08 September 2011
What is the future for Global Finance?
Speakers: Dr Malcolm Cooper and Mark Yeandle, Z/Yen
A discussion of the key financial centres emerging, emerging and disappearing over the next decade. Will London and New York still dominate, or will Shanghai takeover? And what will it mean to the UK markets and particularly the London community?
This discussion focuses around the trends identified in Z/Yen’s five year research into global financial centres through the production of the Global Financial Centres Index (GFCI). GCFI was first produced by the Z/Yen Group in March 2007 following another research project into city competitiveness we undertook in 2005. The aim of the GFCI is to examine the major financial centres globally in terms of competitiveness and provides profiles, ratings and rankings for 75 financial centres drawing on two separate sources of data – instrumental factors (external indices) and responses to an online survey. The survey itself is produced every three months and is part of the Financial Centre Futures programme in Long Finance.
Dr Malcolm Cooper is a historian by training, and holds a First Class Bachelor of Arts in History from Dalhousie University, a Master of Arts in History from the University of Western Ontario, and a Doctorate of Philosophy in Modern History from Oxford University. He spent most of his investment banking career in European emerging markets, his last post being as Head of EMEA Equity Research for ABN-AMRO. Malcolm commissioned and worked with Z/Yen on the Global Financial Centres Index, and has since written several pieces on the impact of the recession on financial services employment in the UK. He is involved in both the London Accord and Long Finance initiatives.

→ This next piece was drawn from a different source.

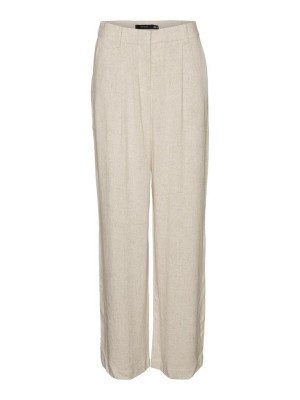 Vero Moda VMVERA MW WIDE LINEN PANT NOOS Oatmeal/NATURE TONE AS OFFER SAM | Freewear VMVERA MW WIDE LINEN PANT NOOS - www.freewear.nl - Freewear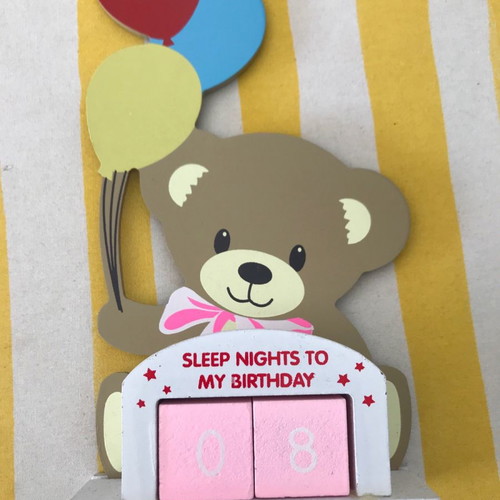 Countdown calendar for birthdays 30 days wooden new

Mark Yeandle has spent most of his career in consumer goods marketing in senior marketing management positions at companies including Liberty, Mulberry, Sanderson and Carlton. During 2007, Mark project managed the creation and publication of the Global Financial Centres Index, as well as developing a role playing game which demonstrates the politics of climate change negotiations. This was written up as part of the London Accord. He was also the project manager of a large research project into the use of PropheZy – Z/Yen’s support vector machine for Best Execution Compliance Automation – the output of which was published in The Journal of Risk Finance as Best Execution Compliance Automation, Towards An Equities Compliance Workstation and Best Execution Compliance, New Techniques for Managing Compliance Risk.